The Australian Government is fighting the claim.
In their defence, lodged with the court, the Labor Government claims that Australia only emits a “very small proportion” of global emissions.
And that, “it was not reasonably foreseeable that conduct by the Respondent [that is, the Government] … would cause any person … to suffer loss and damage.”
This was quite strange to me.
I have heard the Prime Minister, Anthony Albanese, say that it was important for him to take action on climate change because it would help avoid bushfires, cyclones and other natural disasters.
Just a few months ago the Prime Minister warned we needed to “maximise preparedness” for flooding and bushfires this summer.
“This is one of the reasons why my government … are determined to act on climate change” he said.
But hang on, if the Government’s own lawyers are right, that the Australian Government’s actions do not affect the climate, why do we constantly hear that we must act on climate change to respond to a bushfire?
The figures in the Government’s own court documents show how much they are taking us all for mugs.
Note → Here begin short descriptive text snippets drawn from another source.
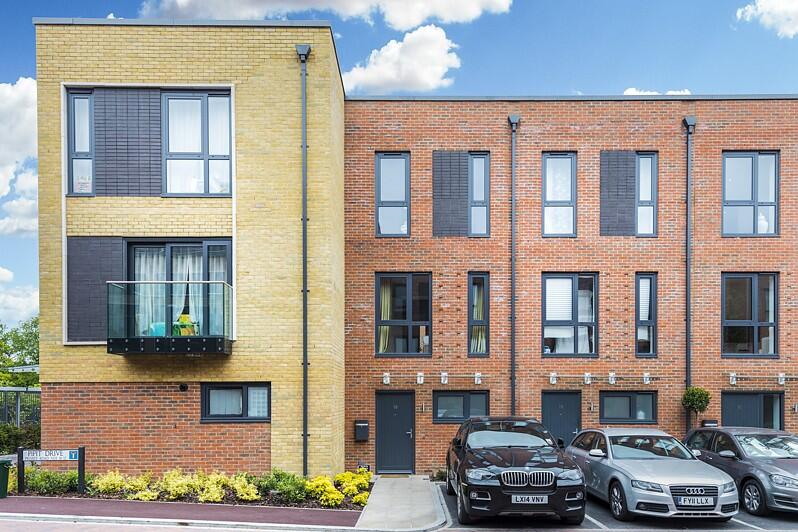 3 bed Detached for rent in Putney. From Hawes & Co - Wimbledon Village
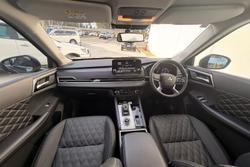 2023 Mitsubishi Outlander PHEV Exceed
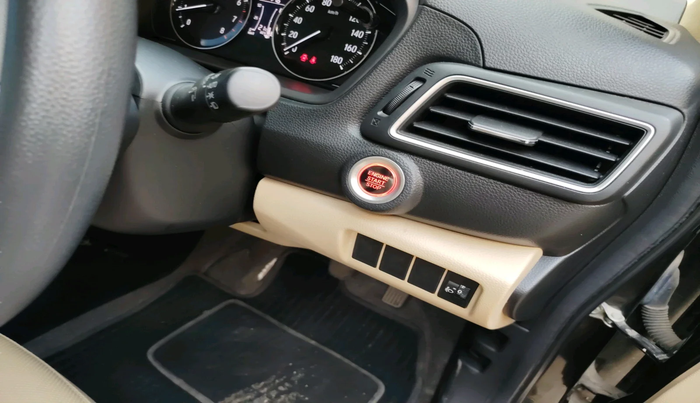 2023 Honda Amaze 1.2L I-VTEC VX, Petrol, Manual, 6,326 km, interior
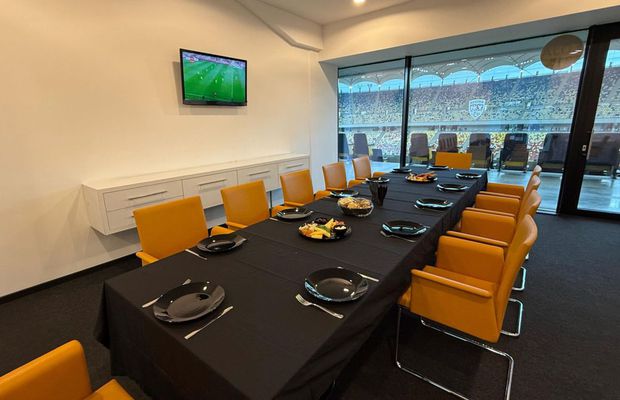 Ce meniu au primit fanii care au plătit 1.000 de lei la FCSB - Dinamo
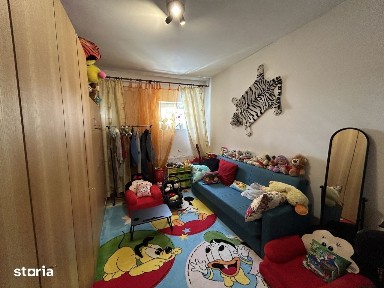 Vand 2 apart.+sala sport, D+ P+M, centru Aradul-nou,Calea Timisorii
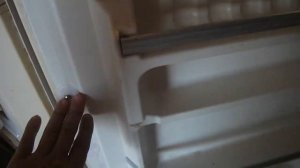 Ремонт  холодильника  ,перекос дверцы.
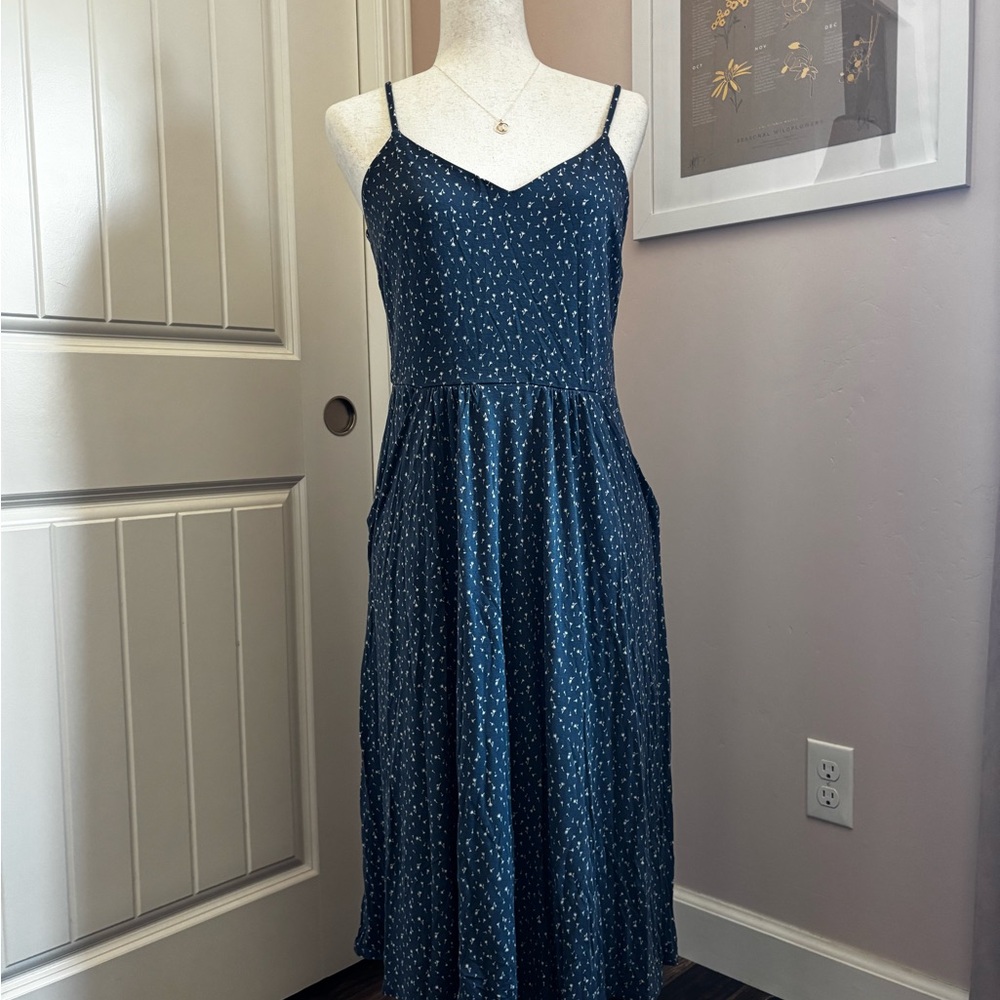 LOFT Navy Spaghetti Strap Midi Dress with White Floral Print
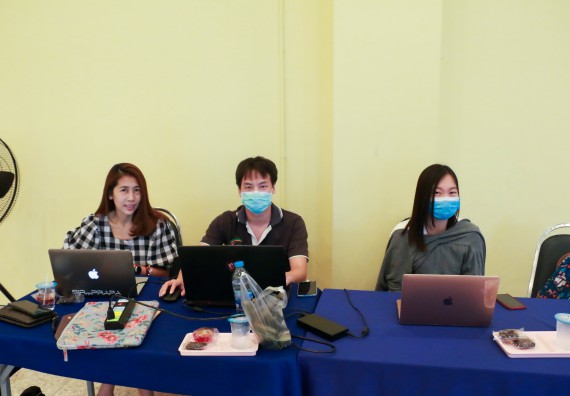 ภาพกิจกรรม โปรแกรมวิชาเคมี จัดอบรมเตรียมความพร้อมทางการเรียนให้นักศึกษาใหม่โปรแกรมวิชาเคมี หลักสูตร ค.บ.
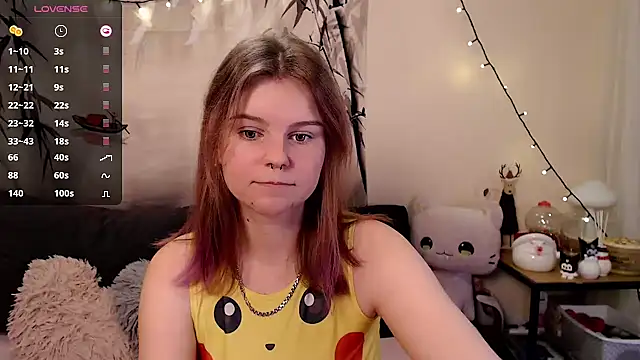 Snapshot of Moona_xx chatting on 01/05/25, 09:36 Moona xx online show from 01/05/25, 09:36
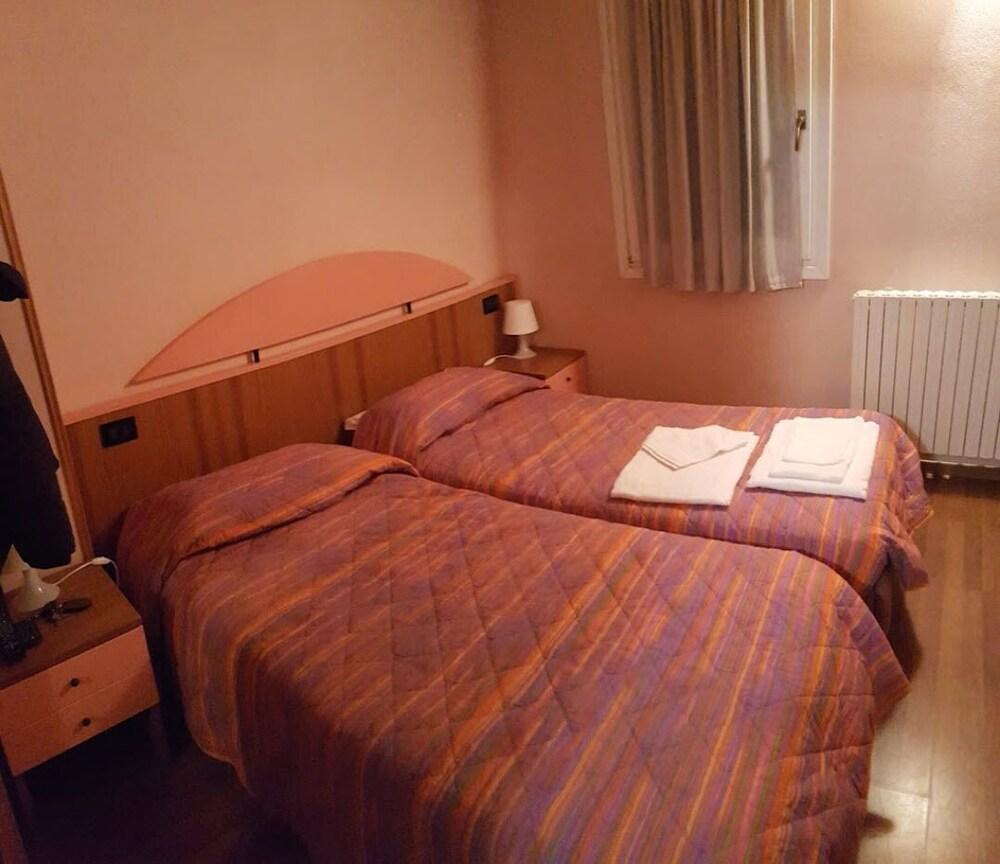 Hotel La Piazzetta Видичатико Экстерьер фото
The Government’s lawyers say that every 1000 gigatonnes of carbon emissions only increases the temperature of the globe by, at most, 0.63 degrees Celsius.
On their numbers, even if Australia were to emit zero emissions from now until 2050, the temperature of the globe would change by just 0.000000768 degrees Celsius.
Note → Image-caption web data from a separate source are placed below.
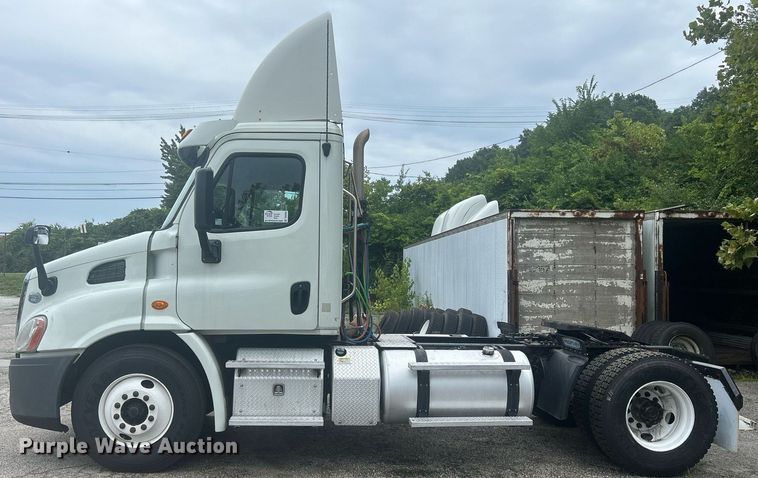 image for item DQ0896 2014 Freightliner Cascadia 113  semi truck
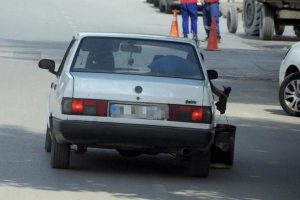 Sonunda bu da oldu! Pikniğe otomobille k&ouml;z taşındı!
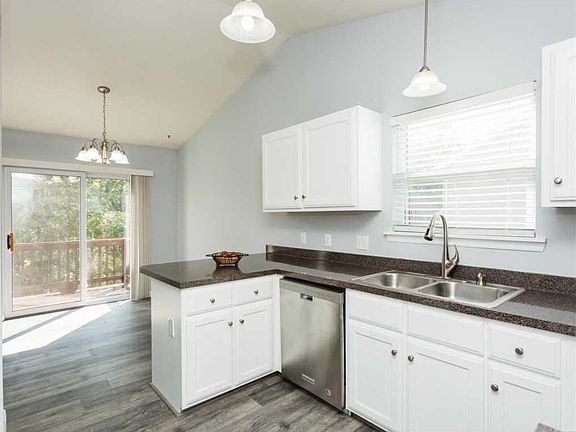 3rd image of 1716 Saint Charles Dr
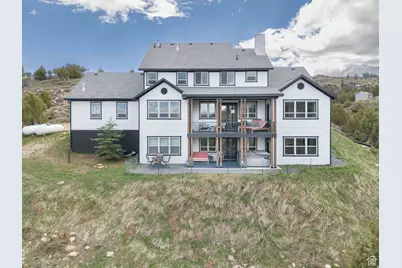 824 S Lakeview Dr, Garden City, UT 84028 - Photo 2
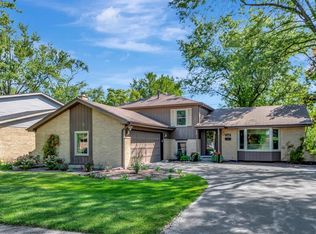 1428 Carson Ct, Homewood, IL 60430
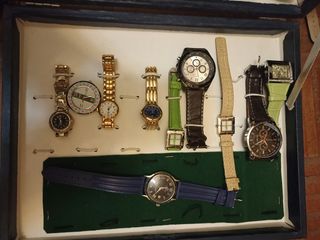 Lote de relojes vintage y modernos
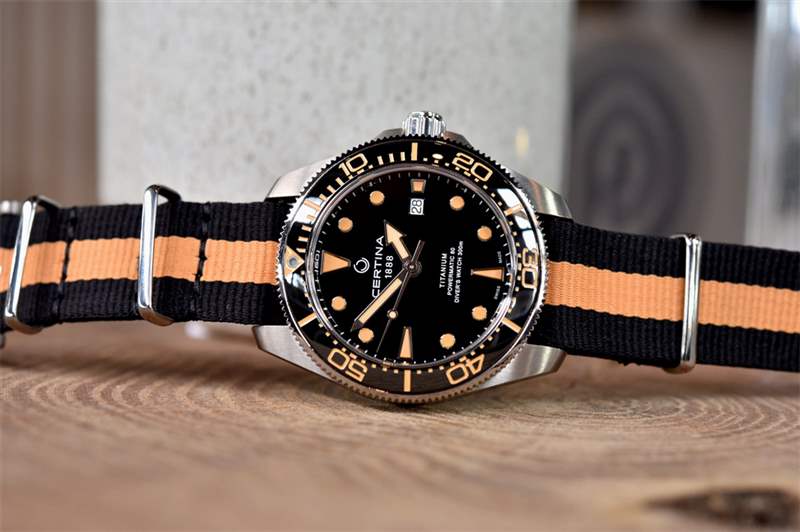 避暑利器今年夏天五款最值得入手的平價手表-復(fù)刻表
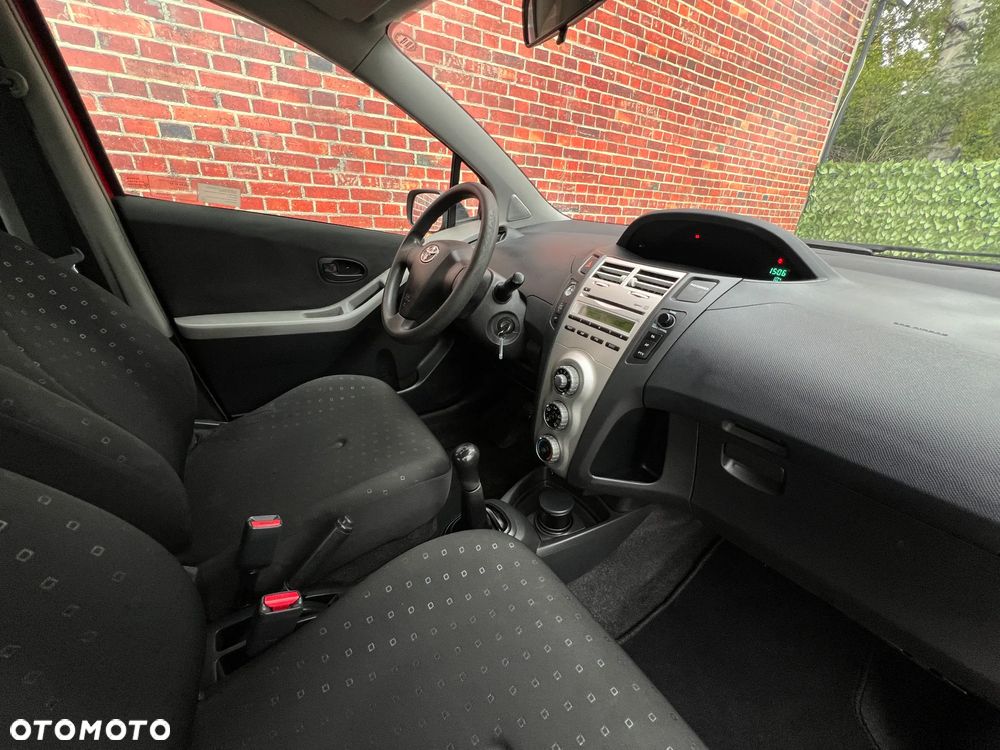Toyota Yaris - 10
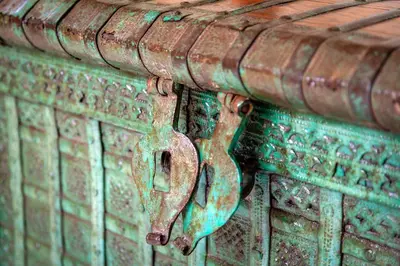 a piece of rusty metal is attached to a trunk at Lejwe La Metsi Self-Catering Villa in Bela-Bela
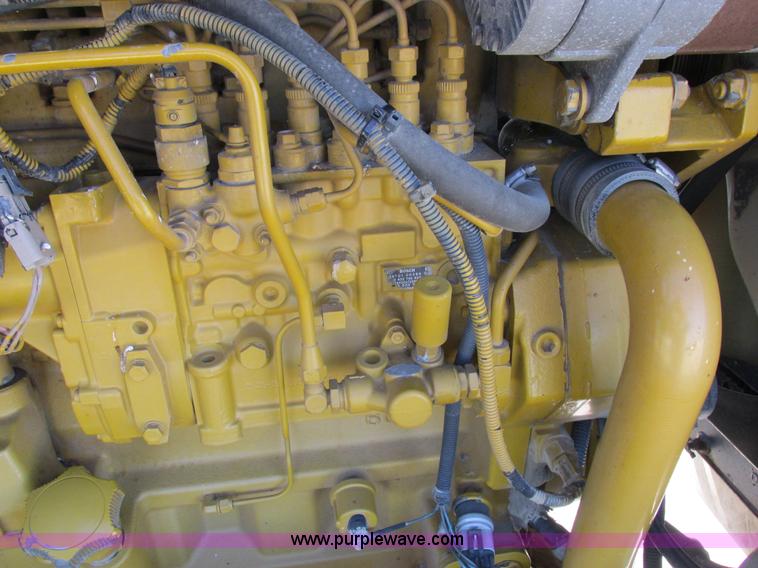 image for item I8921 2001 Ag-Chem TerraGator 8103 self-propelled applicator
So the conclusion clearly is that despite his claims, the Prime Minister can’t stop bushfires, and also other Australian politicians do not cause them.
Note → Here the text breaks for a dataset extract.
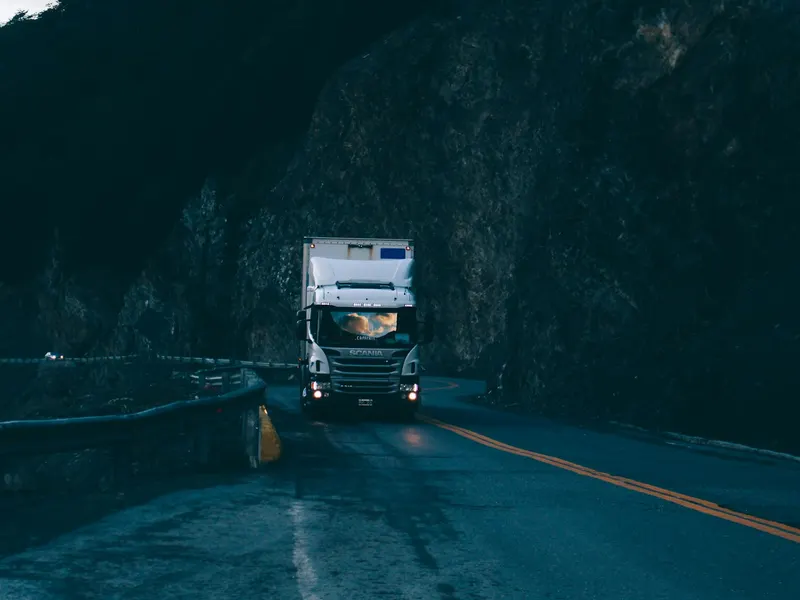 LKW bei Nacht auf einer Landstraße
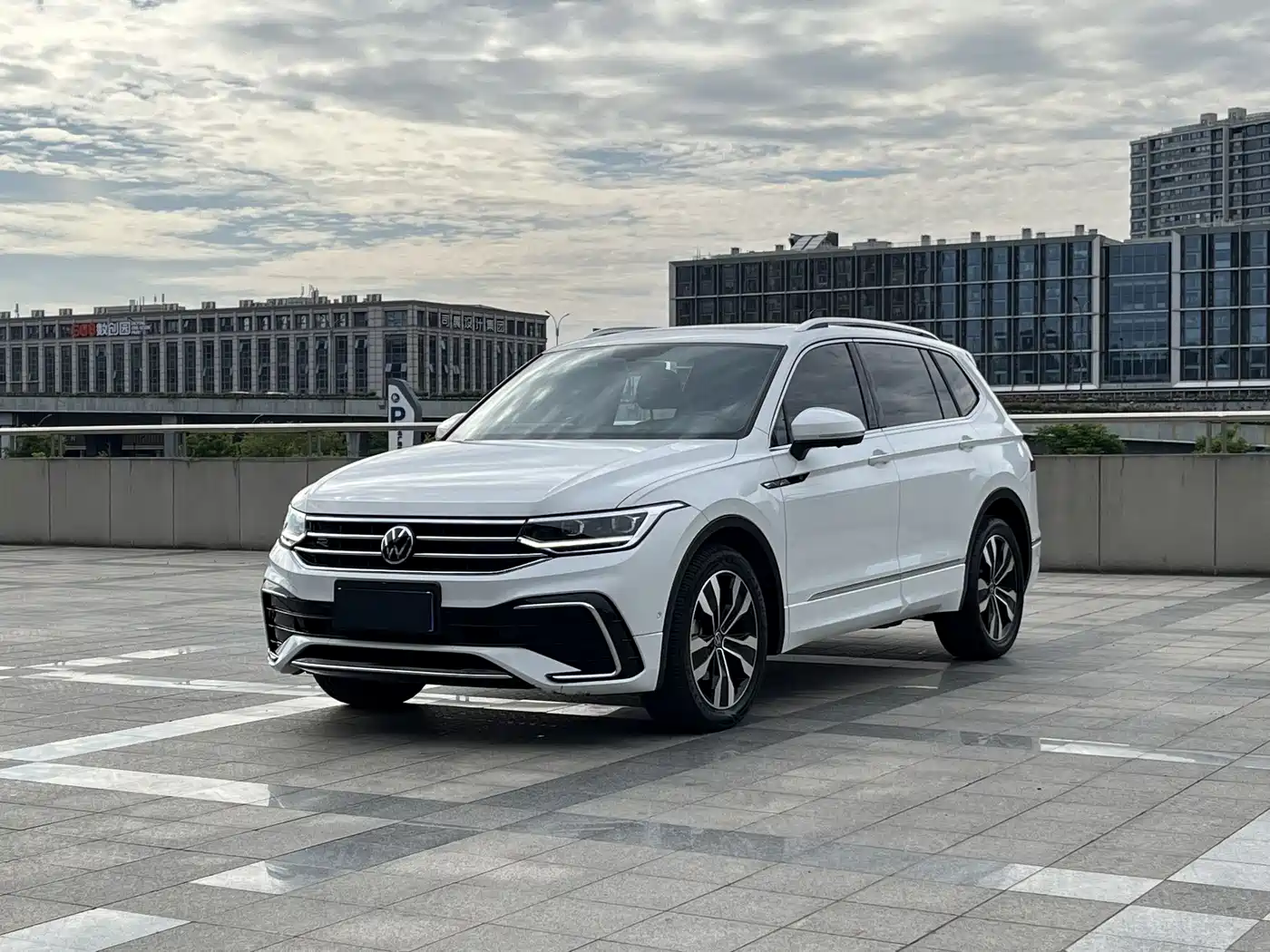  Volkswagen Tiguan L 2024 Outstanding 330TSI Auto 2WD R-Line Dragon Glory Edition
The basic fact is that any action that Australia takes on climate means nothing without action from other countries.
And, on that score, other countries are massively expanding fossil fuel use and production.
Since the Ukraine war, Europe has been madly reopening coal fired power stations.
The United States is doubling its export of gas, mostly to take advantage of the absence of Russia from European gas markets.
Meanwhile, China and India, who together account for a third of global carbon emissions are both massively expanding coal.
China is building two coal fired power stations a week this year.
And, India has just announced plans to expand coal mining by 60 per cent.
The upshot of all of this is that global carbon emissions are going up not down.
This is embarrassing for all of those attending the latest climate conference in Dubai this week.
But then these climate conferences seem to no longer be about the climate.
They are all about doing more business deals, often involving fossil fuels.
The hosts of the conference, the UAE, have reportedly been taking the opportunity to sign lots of new gas deals.
But we continue to shut down our coal fired power stations in a vain, futile attempt to change the temperature of the globe from Canberra.
Net Zero Australia, a group of university academics who support a net zero target, recently estimated that it will cost Australia $7 to $9 trillion to reach net zero emissions.
That is a cost of $270,000 for every Australian.
Why would we impose such large costs on ourselves when other countries are doing nothing?
Net zero emissions makes us poorer, weaker, and does not even help the environment.
Perhaps a group of Australians should take the Government to court for signing up to this rubbish without doing a basic assessment of its costs on the rest of us first.